Machine Learning Applied to 3D Seismic Data from the Denver-Julesburg Basin Improves Stratigraphic Resolution in the Niobrara
Carolan (Carrie) Laudon, Sarah Stanley and Patricia Santogrossi
Geophysical Insights
Abstract
Seismic attributes can be both powerful and challenging to incorporate into interpretation and analysis. Recent developments with machine learning have added new capabilities to multi-attribute seismic analysis. In 2018, Geophysical Insights initiated a proof of concept on 100 square miles of multi-client 3D data jointly owned by Geophysical Pursuit, Inc. (GPI) and Fairfield Geotechnologies (FFG) in the Denver-Julesburg Basin (DJ). The purpose of the study was to evaluate the effectiveness of a machine learning workflow to improve resolution within the reservoir intervals of the Niobrara and Codell formations, the primary targets for development in this portion of the basin.
The seismic data are from Phase 5 of the GPI/Fairfield Niobrara program in northern Colorado. A preliminary workflow which included synthetics, horizon picking and correlation of 28 wells was completed. Detailed well time-depth charts were created for the Top Niobrara, Niobrara A, B and C benches, Fort Hays and Codell intervals. The interpretations, along with the seismic volume, were loaded into the Paradise® machine learning application, and two suites of attributes were generated, instantaneous and geometric.

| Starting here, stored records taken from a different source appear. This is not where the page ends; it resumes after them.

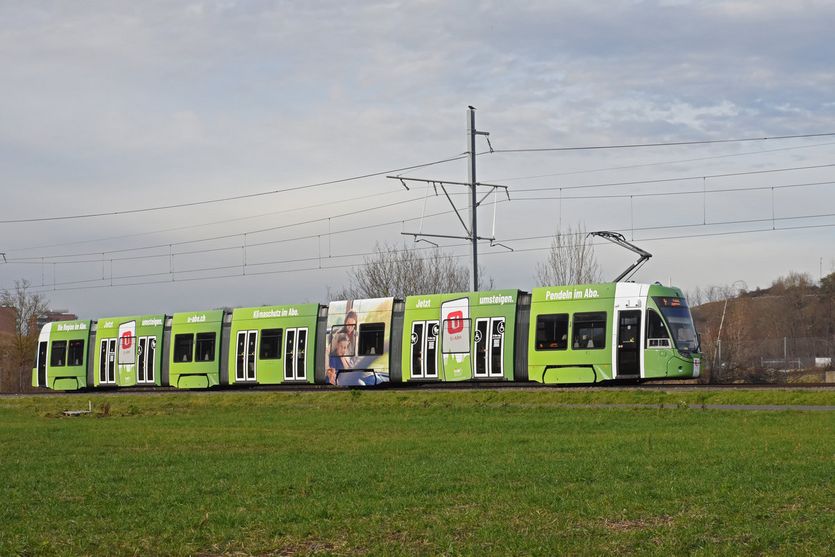 Tram mit U-Abo-Werbung in der Lachmatt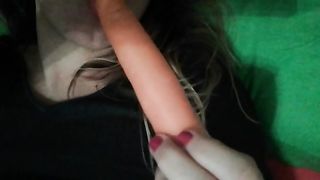 La mia amica mentre succhia una carota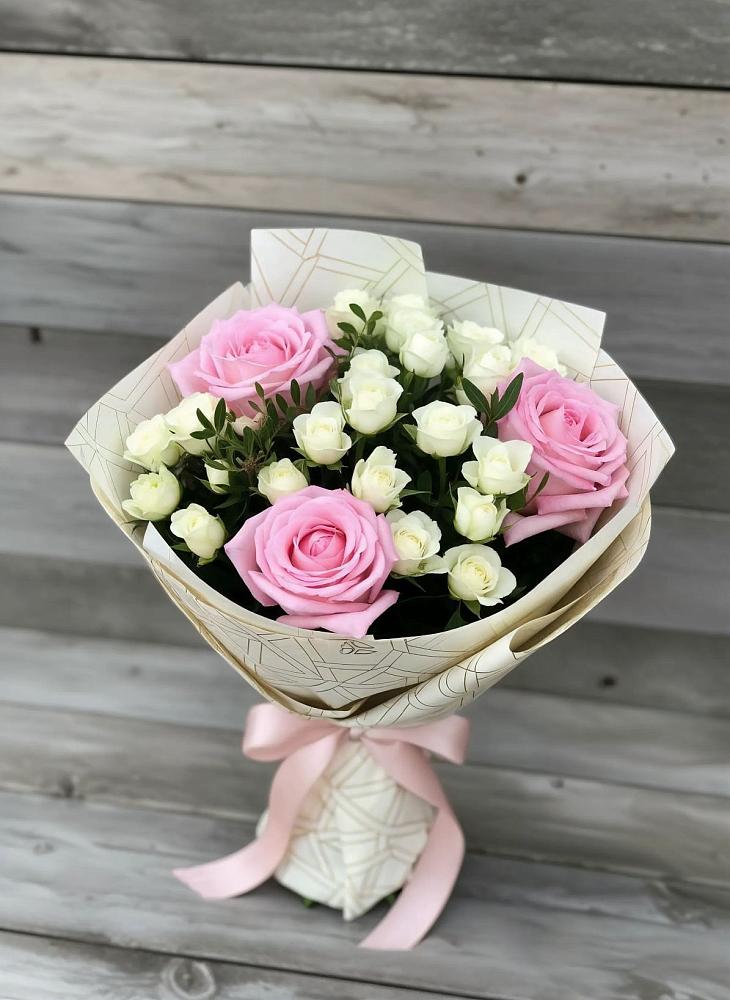 Букет цветов из: Розы в Звенигово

The machine learning workflow first applies Principal Component Analysis (PCA) in order to identify which attributes contribute to the data and what their relative contributions are. PCA aids in the selection of which attributes are appropriate to use in a Self-Organizing Map (SOM). In this case, 15 instantaneous attribute volumes, plus the parent amplitude volume, were used in the PCA and eight were selected to use in SOMs. The SOM is a neural network-based machine learning process that is applied to multiple attribute volumes simultaneously. The SOM produces a non-linear classification of the data in a designated time or depth window. For this study, a 60-ms interval that encompasses the Niobrara and Codell formations was evaluated using several SOM topologies. An 8 X 8 SOM applied to 1 ms seismic data improves the stratigraphic resolution within the target interval. The neuron classification also images small but significant structural variations within the chalk benches. These variations correlate visually with the geometric curvature attributes. This improved resolution allows for precise well planning for horizontals wells. The 17 to 25 foot thick Codell is also seismically resolved via SOM analysis and shows variation with the study area that can be tied to porosity. Petrophysical analyses from wireline logs run in seven wells within the survey by Digital Formation; together with additional results from SOMs show the capability to differentiate a high TOC upper unit within the A marl which presents an additional exploration target.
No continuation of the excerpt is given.